Designing the large-format cell

Vorg

Don't know what you have there, but Target, Walmart, Home Depot, or even order from Amazon, Plastic storage bins. Just set the whole project in one. They come in clear so you can see in if there is a problem without removing the lid. If it spills, the fluid stays in the bin.

danielfp248

@Vorg A spill of a container full of charged electrolyte would off gas a lot of I2, which at those amounts is a big health risk. I sadly don't have a space where I could have that happen and then be able to ventilate that safely, nor do I have a spare room I could dedicate entirely to the project. So as far as I go, I will test with just water.

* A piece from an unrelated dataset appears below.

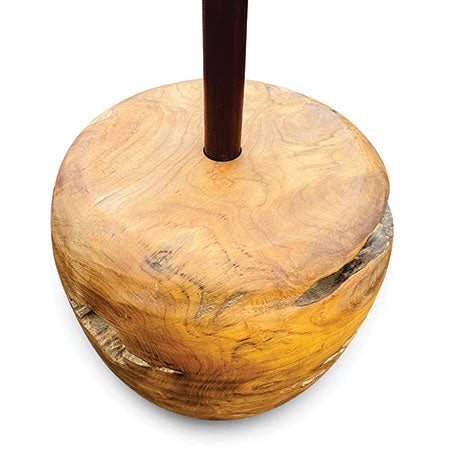 Wooden Parasol Base Holder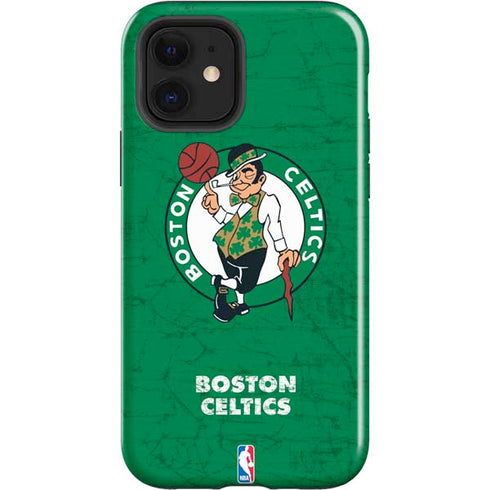 NBA Boston Celtics Green Primary Logo iPhone 12 Impact Case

We will likely get a space to do active material testing safely, but probably not until sometime next year. If any of you guys can do this testing safely and feel comfortable doing so, you can also take a shot! As with our kit, all the materials for this are open source.

kirk

Back with an update! Getting caught up:

@quinnale said in Designing the large-format cell:

Had a few thoughts that I hope are helpful or probing at least.

Thank you, I will take a look at that reference! A pressure-drop rig may be in our future...

@sepi said in Designing the large-format cell:

Wow, amazing news! Especially being able to power some real world device sounds almost unreal. I guess you didn't factor in the pump consumption though.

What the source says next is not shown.